"The spudding of our first development well at Dagang marks an important milestone for Ivanhoe Energy in China," said David Martin, Ivanhoe's Chairman. "In 1999 we undertook a pilot program at Dagang as a pioneering joint venture with a goal of introducing advanced drilling, well-stimulation technology and new production equipment to discovered, but largely unproduced, oil reservoirs. After four years of hard work, we have now successfully made the transition to a development operation, which we expect will lead to significantly increased production rates in the coming years."

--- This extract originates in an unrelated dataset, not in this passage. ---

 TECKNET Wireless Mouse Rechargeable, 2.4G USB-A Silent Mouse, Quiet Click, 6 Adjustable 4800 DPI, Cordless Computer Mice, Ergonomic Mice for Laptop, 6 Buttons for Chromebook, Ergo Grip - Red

The Dagang Project, covering an area of 22,400 acres approximately 125 miles southeast of Beijing, is being developed under a 30-year production-sharing contract with China National Petroleum Corporation. Sunwing initiated a pilot program at Dagang in 1999, and currently produces approximately 500 barrels per day of light crude oil from seven test wells. The oil is sold to PetroChina at world market prices, which have averaged approximately US$30.00 per barrel for 2003, a discount of US$2.00 per barrel below WTI prices.
Initial work, including securing service and drilling contracts and preparing drill sites and pipeline right-of-ways, is currently in progress. Ivanhoe Energy will provide funding for the initial development work, and intends to secure first-stage project financing before year-end. Under terms of the contract and the ODP, Ivanhoe will operate the project and fund 100% of the development costs to earn 82% of the net revenue until payout and 49% thereafter. An independent evaluation conducted by reserve engineers Gilbert Lausten Jung Associates, indicates that the contract area contains an estimated 52 million barrels of gross recoverable reserves.
The cash flow estimates are based on several key assumptions that are subject to change, including production rates, price assumptions and the timely securing of project financing. For example, changes in timing of financing or delays due to rig availability will result in lower than projected results. Field operating cash flow is revenue less operating costs and production-related taxes.